In his opinion, marriage is about a person’s character and personality. It’s the two people who will live together, so it’s unfair to drag the whole community into it. In his words, “you can’t nullify a lifetime union because of a social stereotype about a community. It’s wrong to generalize the whole community as bad, yet you’ll only live with an individual. If their personality is good, the tribe should not hinder someone from marrying the person they love.”
I couldn’t agree more. Love is a beautiful thing that should not be limited to where one comes from. This is for the simple reason that no one chooses their tribe. It’s something you have no control over.
Another couple who has been married for 20 years shares their experience on how they conquered the insurmountable pressure from both families.
Ann (not her real name), who has been married for 20 years, says her main issue was before marriage. The dowry process was bad. Her dad and uncles requested 73 cows just so they could discourage her suitor. After the dark cloud had settled and they got married, she narrates how she sailed the murky waters to get to where they are now.
“I learned to create boundaries in our intertribal marriage. The good thing is, my husband has been all along supportive. He handles any issues that concern his family.
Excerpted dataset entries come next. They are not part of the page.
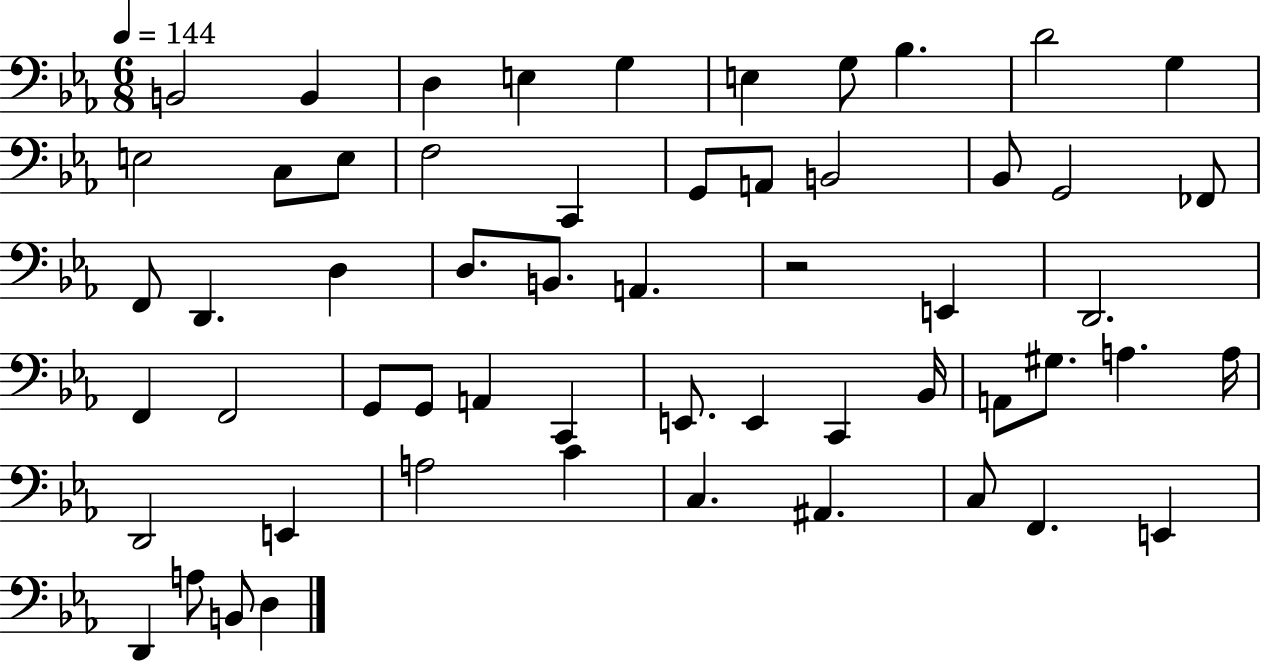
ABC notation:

X:1
T:Untitled
M:6/8
L:1/4
K:Eb
B,,2 B,, D, E, G, E, G,/2 _B, D2 G, E,2 C,/2 E,/2 F,2 C,, G,,/2 A,,/2 B,,2 _B,,/2 G,,2 _F,,/2 F,,/2 D,, D, D,/2 B,,/2 A,, z2 E,, D,,2 F,, F,,2 G,,/2 G,,/2 A,, C,, E,,/2 E,, C,, _B,,/4 A,,/2 ^G,/2 A, A,/4 D,,2 E,, A,2 C C, ^A,, C,/2 F,, E,, D,, A,/2 B,,/2 D, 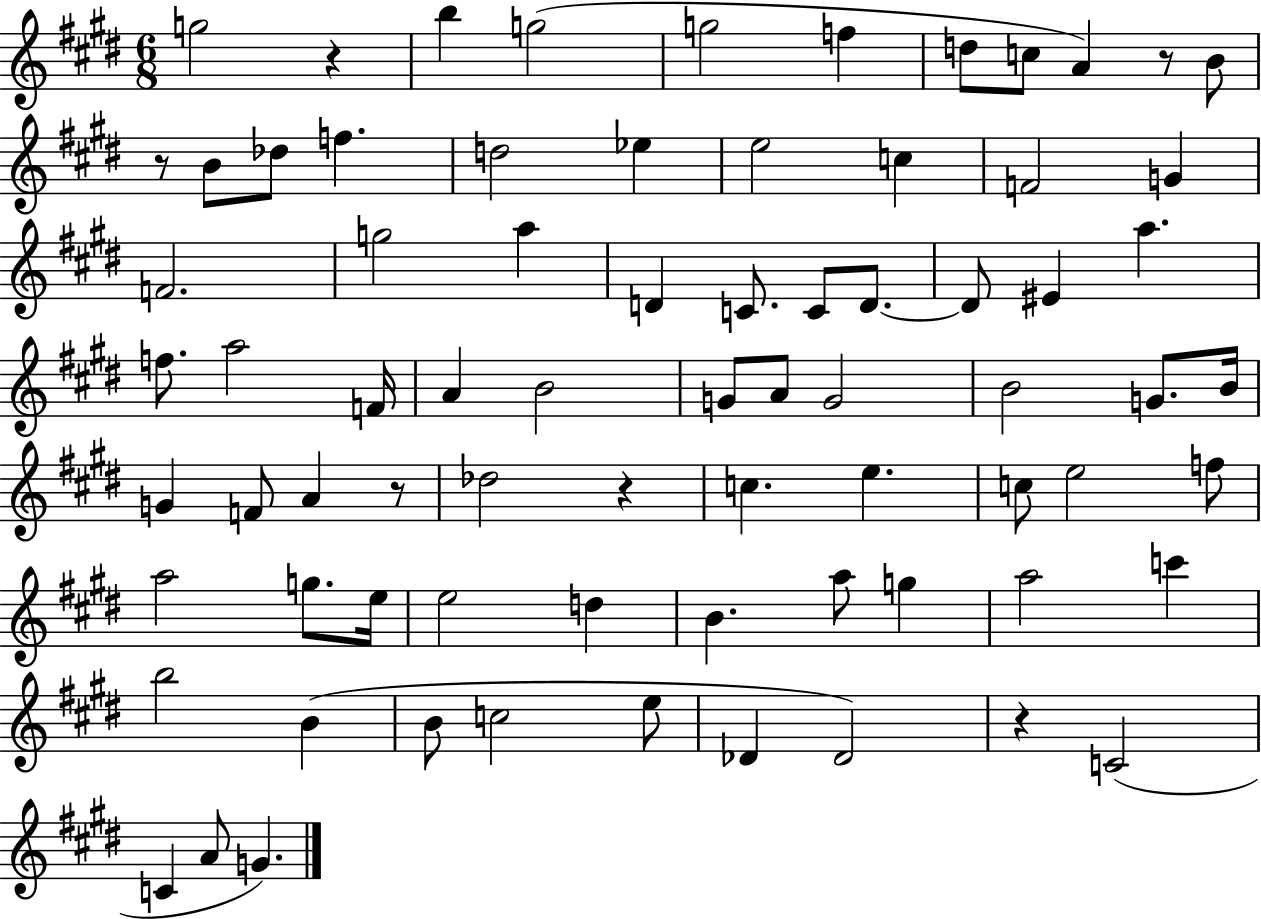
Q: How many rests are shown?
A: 6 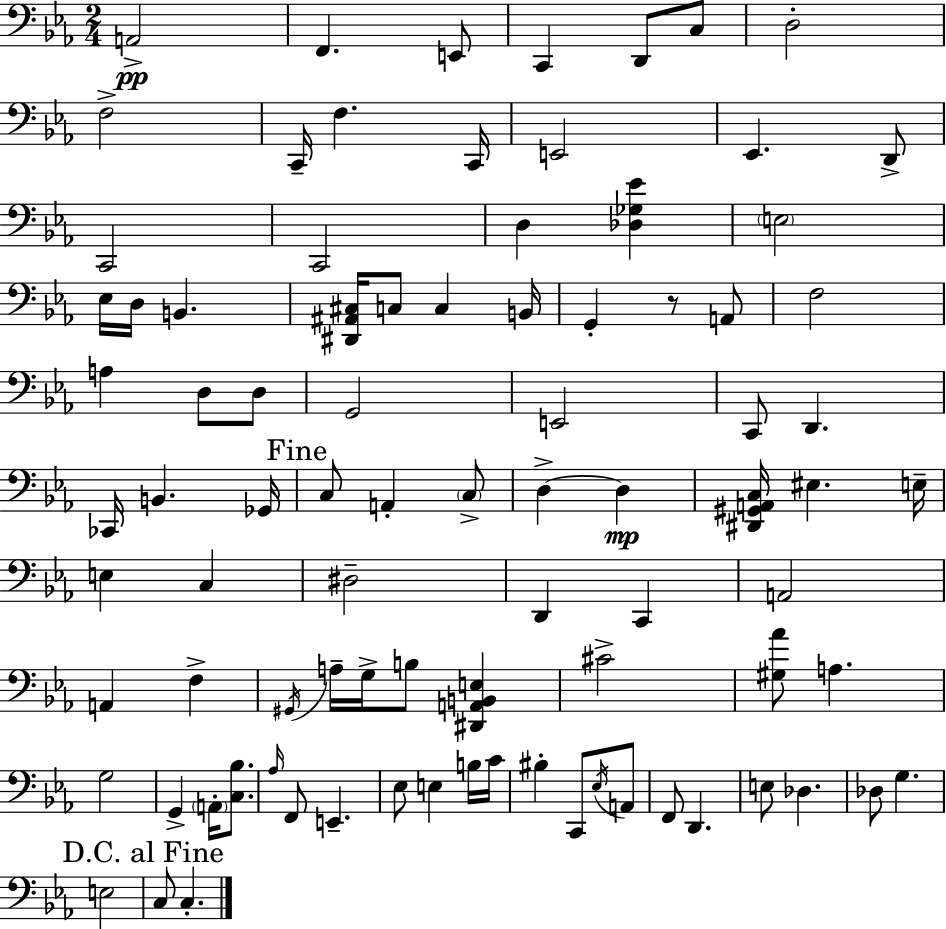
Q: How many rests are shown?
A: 1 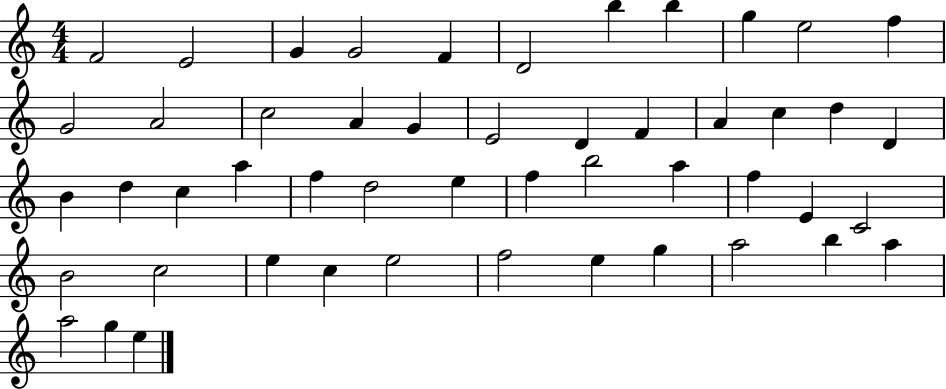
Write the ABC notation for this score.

X:1
T:Untitled
M:4/4
L:1/4
K:C
F2 E2 G G2 F D2 b b g e2 f G2 A2 c2 A G E2 D F A c d D B d c a f d2 e f b2 a f E C2 B2 c2 e c e2 f2 e g a2 b a a2 g e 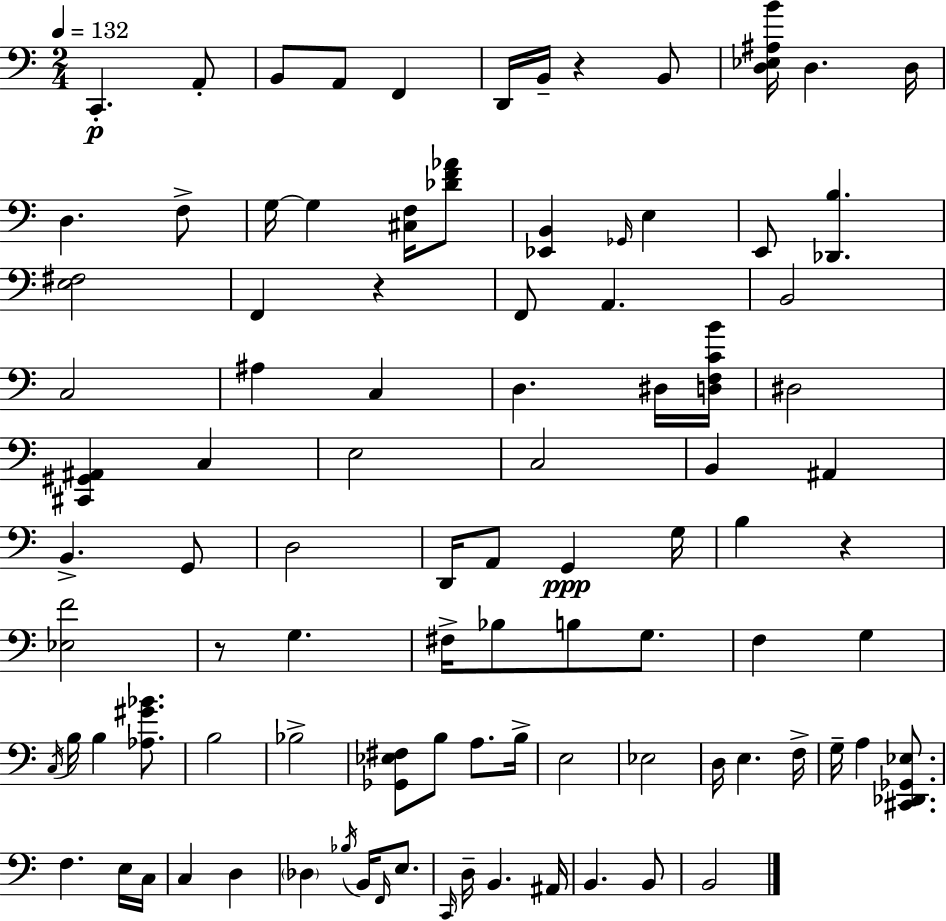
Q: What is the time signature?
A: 2/4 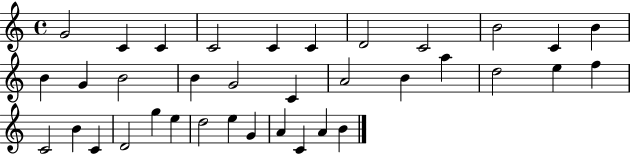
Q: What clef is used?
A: treble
I learned to say no to relatives coming to our house, especially sleepovers, or having nieces and nephews over the holidays. My children who are now 18 and 16 years don’t speak Kikuyu or Maasai. And it’s ok with us. They are Kenyans!”
Liberty to choose
While we want to think of ourselves as a progressive society, these stories tell us that we still have a way to go. From the city folks to our clansmen in the village, the narrative is the same. There’s this fear of what the other tribe is about. The fear that our sons and daughter will be absorbed into a “foreign” culture that we disapprove of. We’ve embraced the thought that our culture is better and our ways superior to the other tribes. But is it? Our cultures are just different. There shouldn’t be a battle of superiority or a numbing fear of the unknown.
What if we could let go of our preconceived notions of what the other tribe is about? In that case, there would be the beautiful chance of intertribal marriage being an opportunity to learn and increase our awareness about the 42 tribes in Kenya.
Perhaps it’s time we focused more on the individual and less on the tribe. Maybe it’s time to shed light on those intertribal marriages that are blossoming. Our brothers, sisters, daughters, and sons need to have the freedom to choose their life partners without fear of being rejected by their people.
Perhaps it’s time we embrace our diversity. We have 42 tribes, for Christ’s sake! It can’t be that your tribe or my tribe is the perfect one. And even if you or I believe it to be, how about letting others explore what this diverse nation has to offer? And what better way to explore this than through marriage?